Servin, like Quilantan, did not come into court with totally clean hands; he had earlier spent time in a California prison for domestic violence and was before the immigration judge because of a drunk driving incident. The newspaper story, without saying so explicitly, describes what is probably a cancellation of removal matter. His lawyers argued that he had behaved since the domestic violence case, that he had been in the U.S. continuously for more than 10 years, and that his entrance into the U.S. had been like that of Quilantan. He had arrived as a small child in a car with his parents, and the car had been waved through a port of entry without a real inspection.
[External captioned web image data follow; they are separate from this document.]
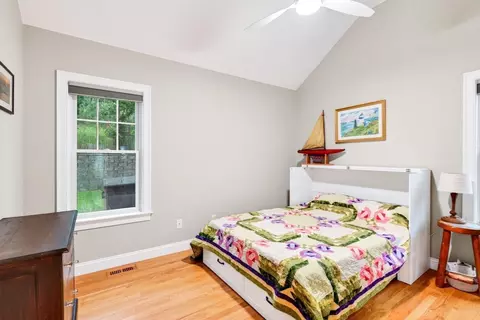 Bedroom - 276 Pheasant Hill Cir, Cotuit, MA 02635 photo 3 of 7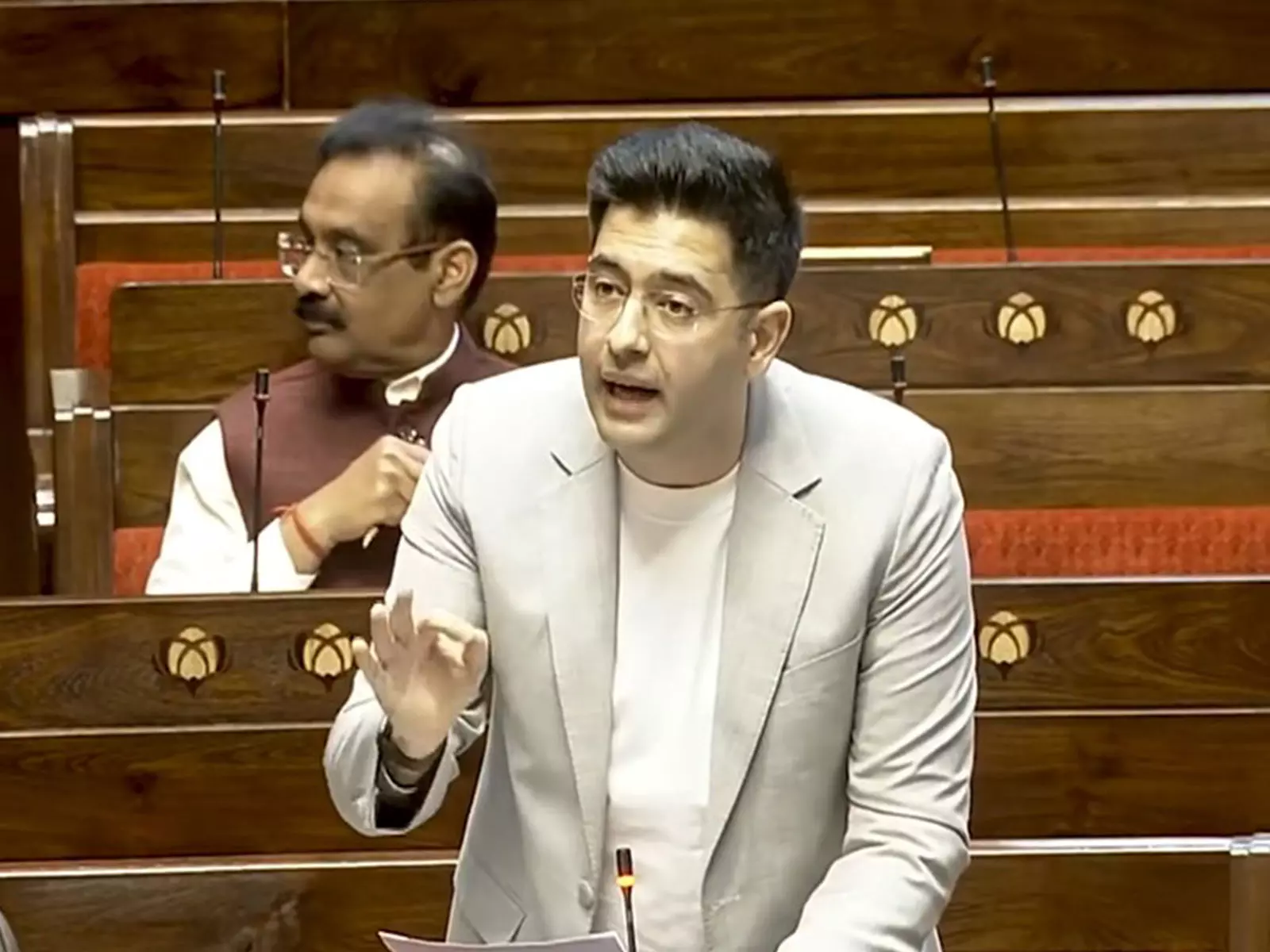 Raghav Chadha ने मतदाताओं को सांसदों और विधायकों को हटाने का अधिकार देने की वकालत की Raghav Chadha ने मतदाताओं को सांसदों और विधायकों को हटाने का अधिकार देने की वकालत की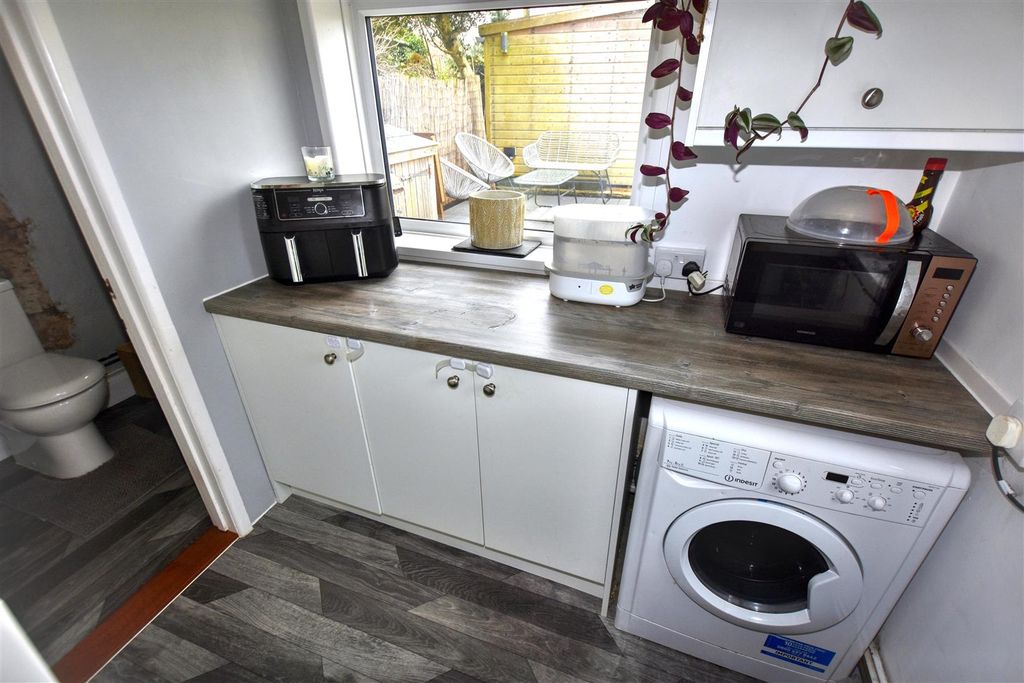 Additional image 12 of 4 bed semi-detached house for salePark Road, Redruth TR15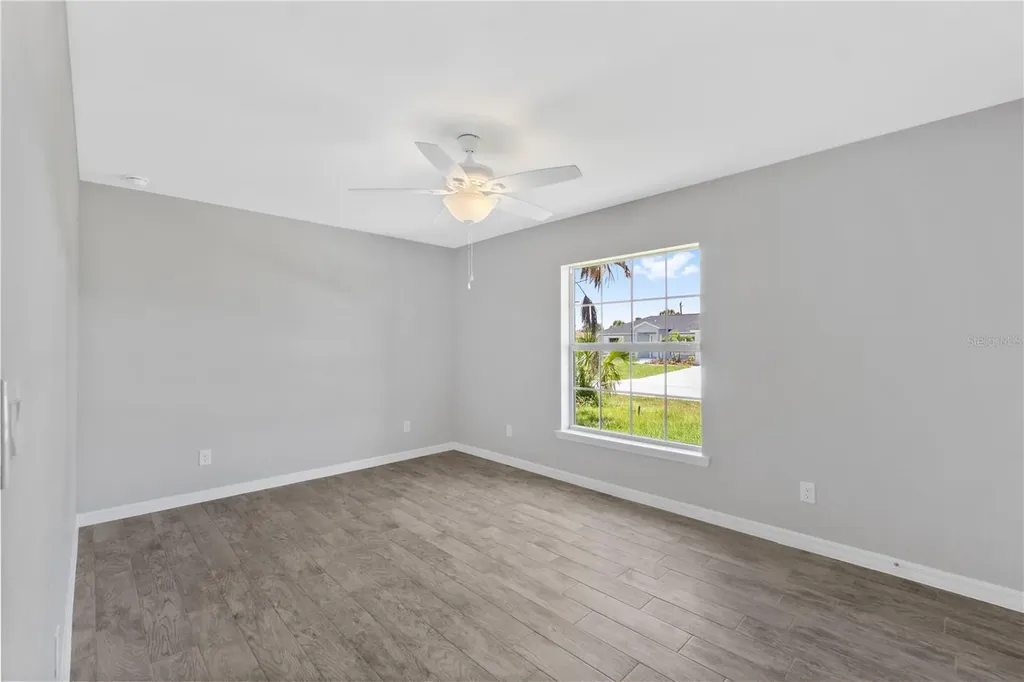 12107 Brookside Avenue Port Charlotte FL 33981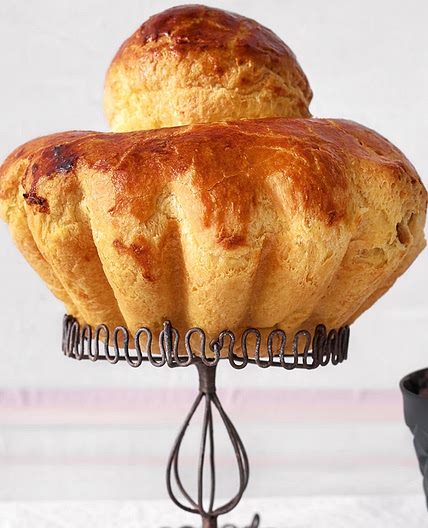 Brioche mit Erdbeer-Marzipan-Creme
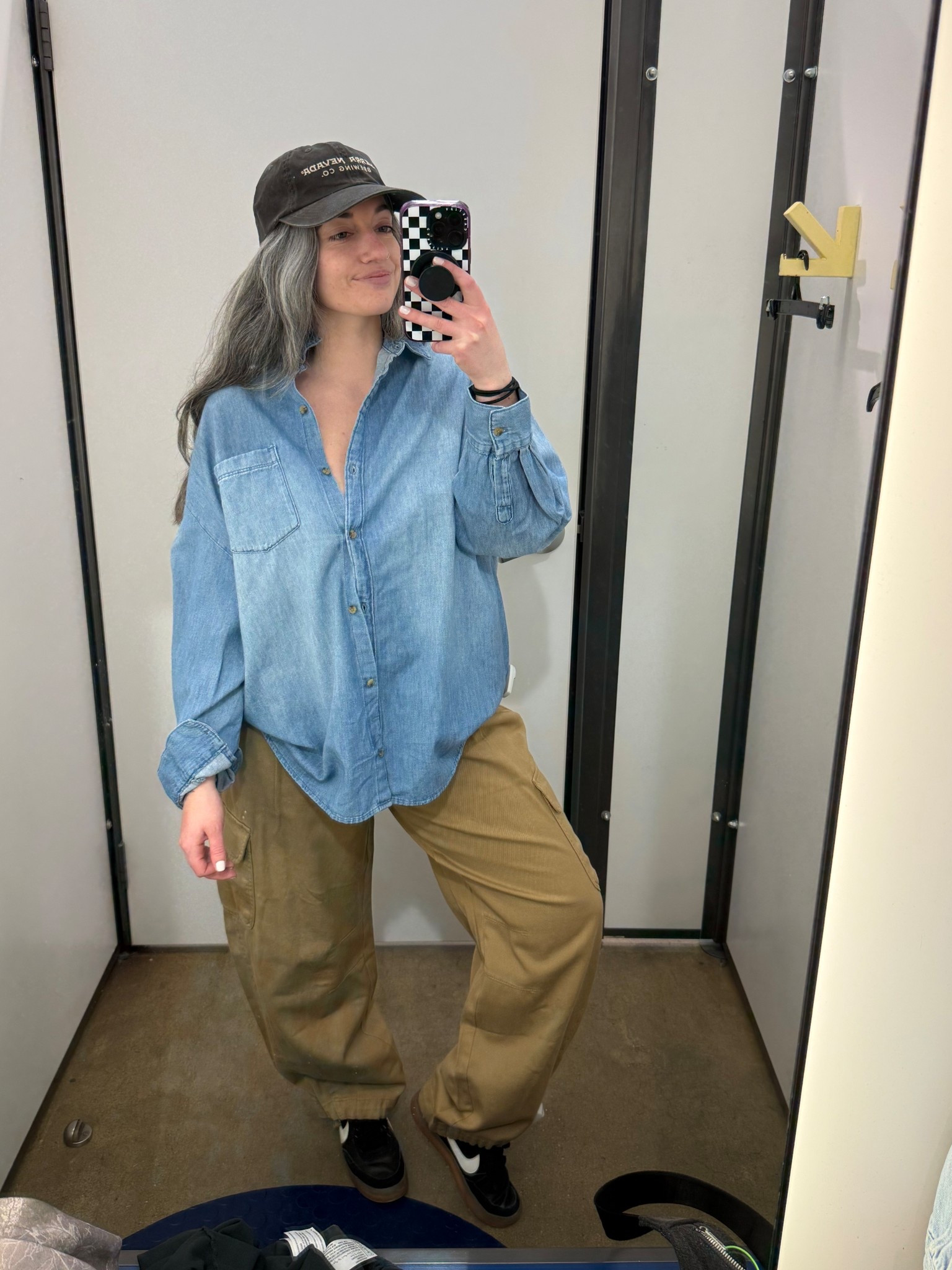 Street style 🤍✨🤝 #baggy #cargopants #denim #nike #grunge 

#LTKdayinmylife #LTKgrwm #LTKootd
The immigration judge ruled that he, in the eyes of the law, had been inspected and granted him legal status on the further grounds that his wife and his small children, all U.S. citizens, needed him. His criminal record was apparently not deemed a barrier to that decision.

In both instances illegal aliens were given amnesty because one or more judges ruled that their admissions had been legal ones. Had these two been EWIs they would have lost their cases.

This brings up what might be regarded as a class distinction made by the Congress. If you arrive with a visa and violate it, you are treated differently – and better – than if you had crossed as an EWI in these circumstances. People with visas tend to be better off financially than people who secretly cross the border by night. It is odd that Congress makes such a distinction regarding how an illegal alien violates the law, but that's the way it is.

So which illegals will benefit from all this? These are sort of double-negative decisions, in the sense that they remove barriers to legalization for some of those previously barred from it. It does nothing for anyone in the U.S. as a visa-abuser, as they are already exempted from the bar. It only helps those who have a chance at a one-shot amnesty, such as adjustment of status through, for instance, marriage, or cancellation of removal, who can now argue that they should not be regarded as EWIs, because of their claim to "inspection" as now defined by the judges.

Regarding potential numbers, the only thing we know for sure is that the immigration bar will do all it can to make full use of these rulings.

As you might expect, the Bee reporter regarded the whole business as a cheerful human interest story:

"Davis waiter Rogelio Servin entered deportation proceedings in San Francisco earlier this month and came home a legal resident, thanks to a little-used wrinkle in immigration law . . . [his arrest for drunken driving] turned out to be the best thing that ever happened to him, [his lawyer] said."

Another couple of examples of how our immigration law, in fact, works.